3つ上の先輩に「ねぇ大野くん、ジュース買ってよ」
選手としては飛躍した。それでもテレビのインタビュー映像などを見ると、その印象は当時と変わっていないと大野さんはいう。
「いい意味でリラックスしていて、素直に思ったことを話しているのは当時のままですね。
学生時代は、3つ上の先輩の僕に向かって自販機の前で『ねぇ大野くん、ジュース買ってよ』とか平気で言ってくるなど、ちょっと生意気な部分もありました。でも、彼の場合、それが全然嫌味じゃないんです。僕が最後に彼に会ったのは3年前で、すでに日本代表だった彼が大学を訪問してくれたときなのですが、エレベーターで会ったら『久しぶりっ!』って後ろからお尻をつまんできましたから(笑)」
神奈川大には伝統校にありがちな部活内の厳しい上下関係がなかったことも自然体を地で行く伊東にはピッタリだったのだろう。
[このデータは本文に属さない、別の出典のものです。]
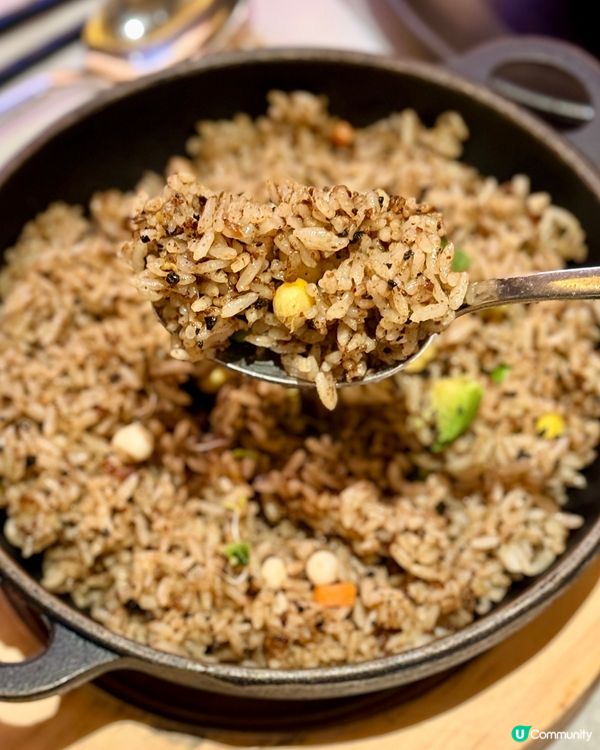 發現深業上城冷氣充足的餐廳😍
「悔しくて涙を流していた」「遅刻して坊主にしてきた」
いまも昔も率先してチームを引っ張るようなタイプではない。学生時代は裾が擦り切れてヒラヒラはためいているようなジャージのパンツをはきながらも、それを気にする様子もなく、夢中でサッカーボールと向き合っていたとの証言もある。
そうして普段はマイペースだが、勝負ごとになると負けず嫌いを発揮。いまどきの鈍感力を備えた性格も伊東の1つの魅力ともいえる。